I enjoyed speaking with Alex Garcia about photojournalism, connecting with people, sustainable business strategies, and much more. We cover a lot of interesting topics in this interview, so I highly recommend listening to it if you’re interested in storytelling.
Here is a preview of our conversation with Alex Garcia.
Q: When you take photographs of people, do you let them know that you won’t be able to show them your pictures or is it something that everybody understands?
Alex Garcia: Sometimes people have a respectful understanding of it. They say, “Oh, okay,” and you can just say, “No, it looks great, you look fantastic. This is great.” They know the situation in general. You’re not trying to fool anybody.
Again, what I was saying before about having some interpersonal skills to be a photojournalist, you’re having to navigate all sorts of situations with people. Some of the best photos you’ll ever make as a photojournalist are going to be based on the access you get. The access you get is going to be based on the access you negotiate with somebody. You have to have those skills.
If somebody asks me, “Can we see the pictures?” I try to just play it off. No one wants to hear no, especially when they’re giving you their time. It’s not like I’m trying to be selfish. It’s an issue of ethics. You have to not get into a situation where the person is going to start demanding that you use one picture or another.
Q: You’re also director. What was it like to transition from shooting digitally to directing motion projects/hybrid shoots?

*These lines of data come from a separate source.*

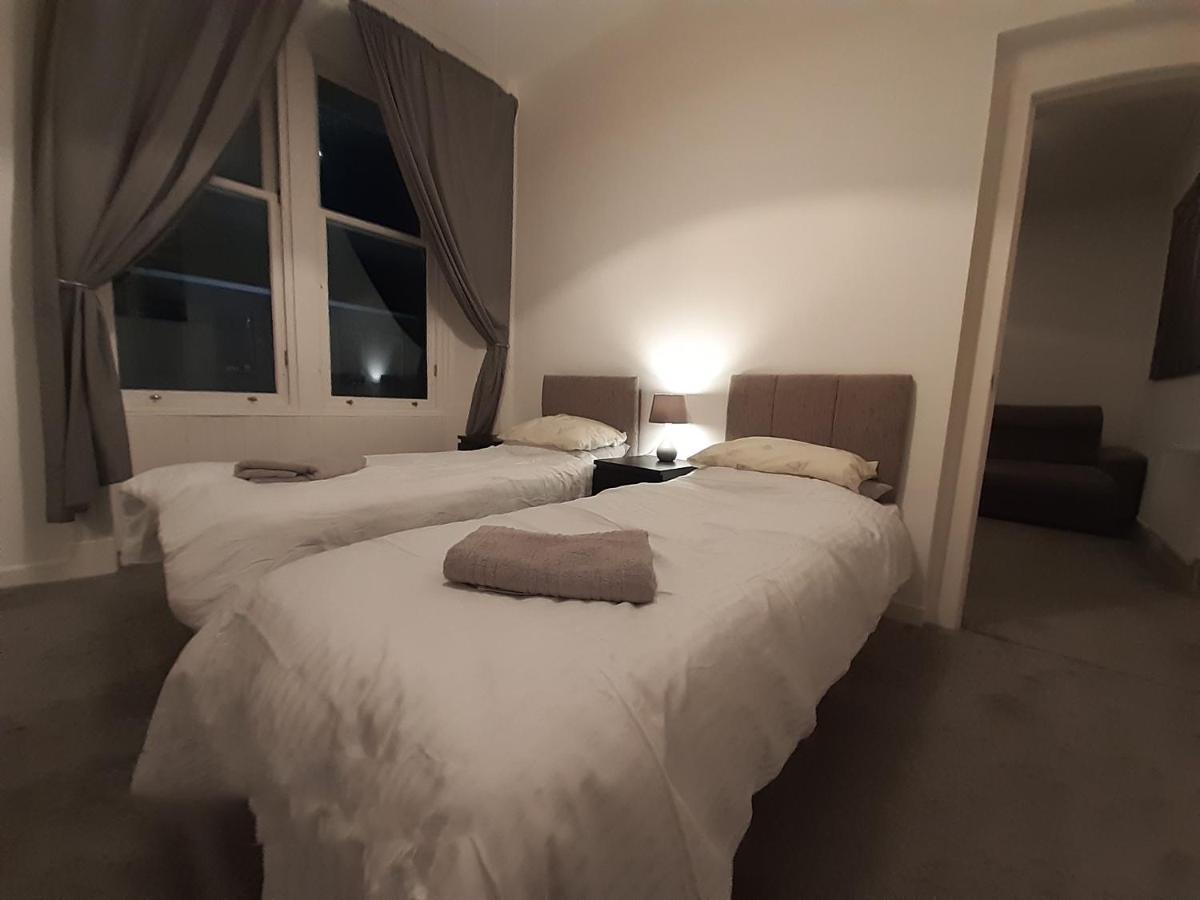 Carvetii - Edward House B - 2 Dbl Bed 1St Floor Flat Apartment Дънфърмлин Екстериор снимка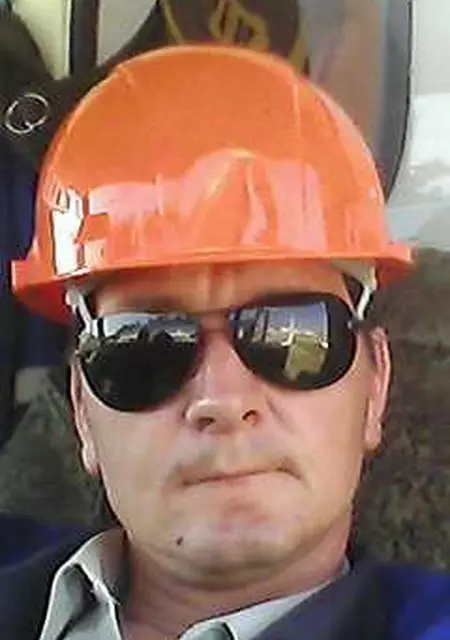 Я Vik, 45, из Хойников, ищу знакомство для дружбы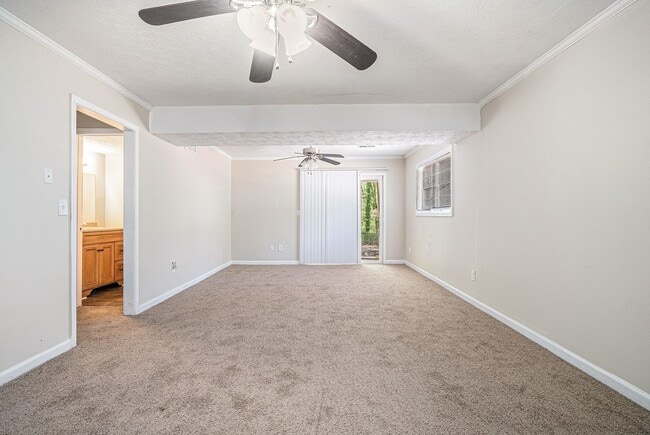 Building Photo - 529 Martindale Ct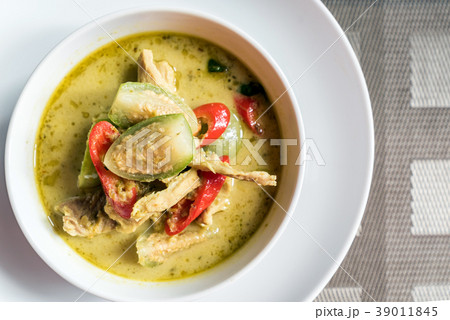 Chicken Green curry 39011845
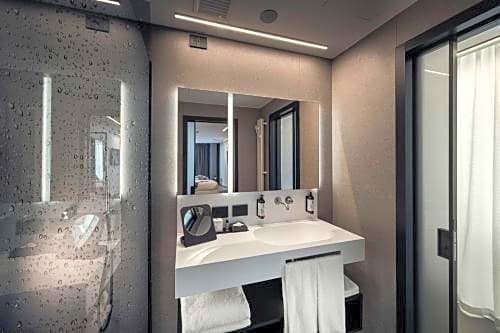 Фото J44 Lifestyle hotel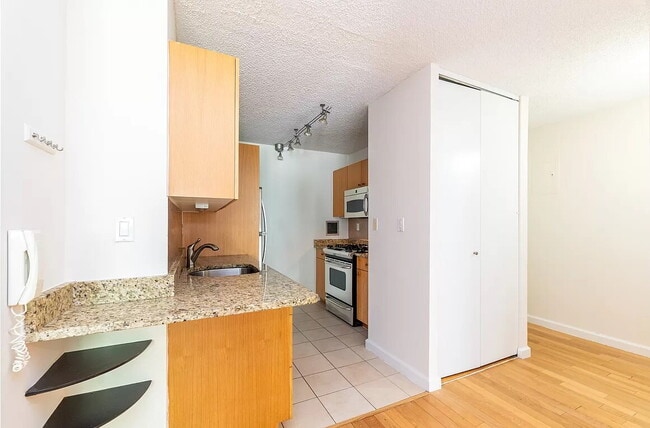 Building Photo - Secure This Beautiful Unit Today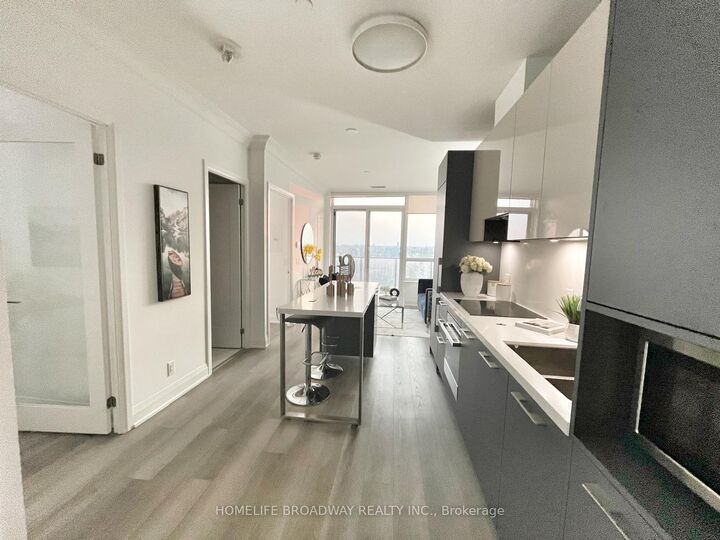 Property Photo:  18 Water Walk Drive 2307  ON L3R 6L5 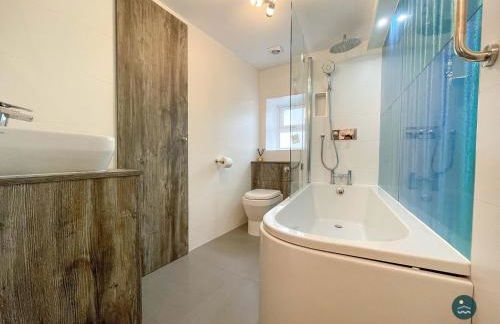 Cobb Cottage - Harbourside permit parking - Photo 11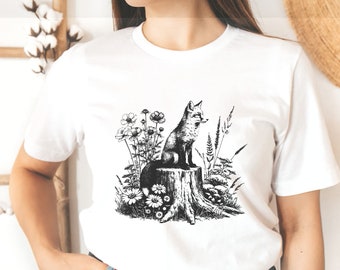 Fox shirt, Vintage Fox Tshirt, Cottage core Fox Shirt, Pen and Ink TShirt, Wildlife Tee, Forest Animal Shirt. retro fox shirt, fox lover tee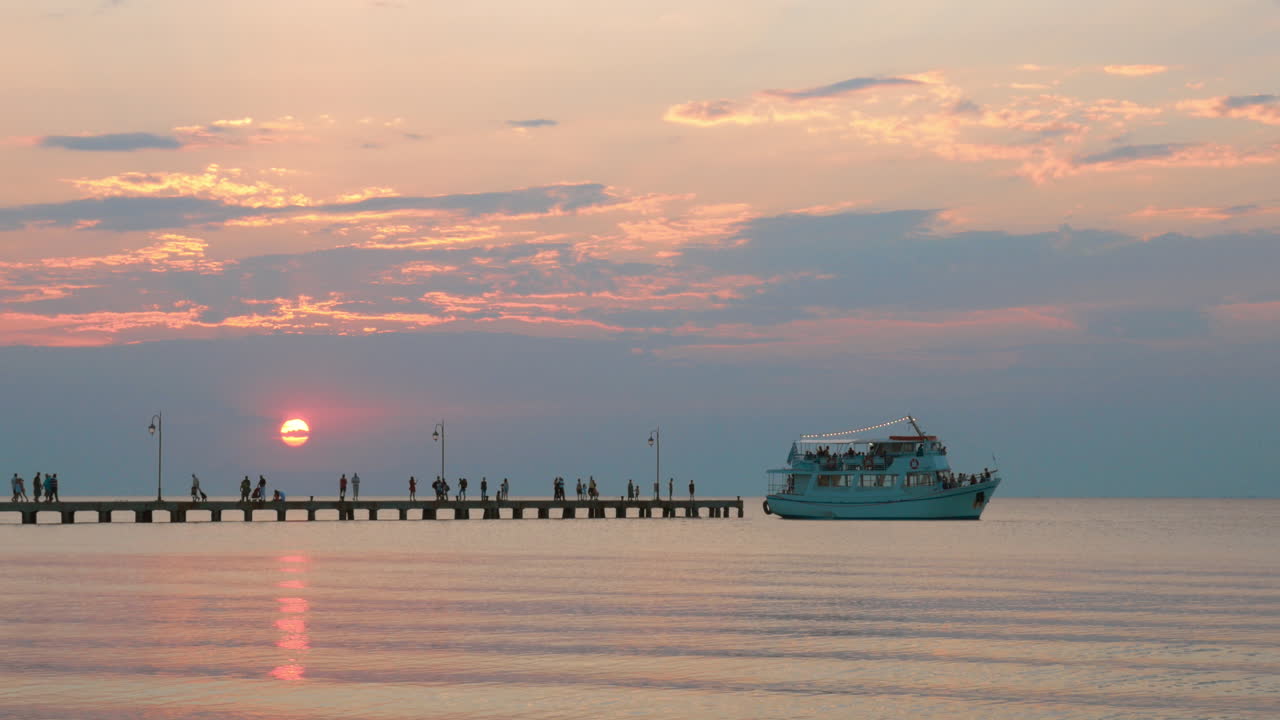Cinemagraph - ferry with passengers leaving the pier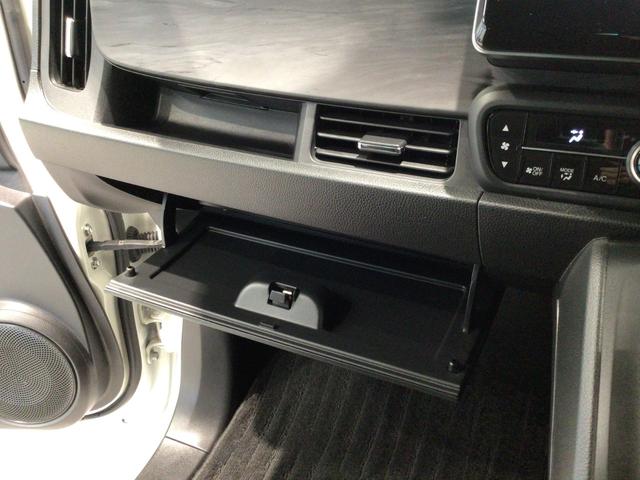 Ｎ－ＯＮＥ プレミアム　ＬＥＤ・フルセグ・メモリナビ・ＤＶＤ・ＣＤ・バックカメラ・純正ＡＷ・ＥＴＣ（34枚目）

Alex Garcia: It’s not for everyone, I can tell you that. It taxes all of your emotional interpersonal skills and your organisational skills. Oftentimes, still photographers are asked by assigning editors to do some kind of video, like it’s an afterthought. Everybody knows that video sucks all the air out of the room. As soon as you start going with it, it just wants to take over.
When you start elevating those: video, audio, light, motion, camera controls, stabilisers, and people – and you might be dealing with actors – suddenly you’ve got a situation that can quickly escalate from what used to be a solo-person endeavour into a multi-party team of people working together on a project.
You’ve got to not only manage that, but stay ahead of everyone, provide a vision for people, and hire correctly. It’s certainly far easier to stay being a photographer or a sole video person. It’s creatively very satisfying for me to create these short films or to create some video components to projects.
There are times when it’s a lot simpler to work with my still camera and a lighting assistant or two. I would say that it’s been very creatively satisfying. You can create more emotional reactions in your viewers, especially when you pair your videos with music. Music is very powerful. Very, very powerful.
Q: Is there anything you haven’t photographed yet that you’re eager to add to your portfolio one day?
Alex Garcia: There’s this desire to photograph peace. Just the peace of life. There’s so much partisanship. There’s so much chaos. I just want to photograph doves. That’s high up on my list. I’d love to go to a really green area of Ireland and just photograph sheep.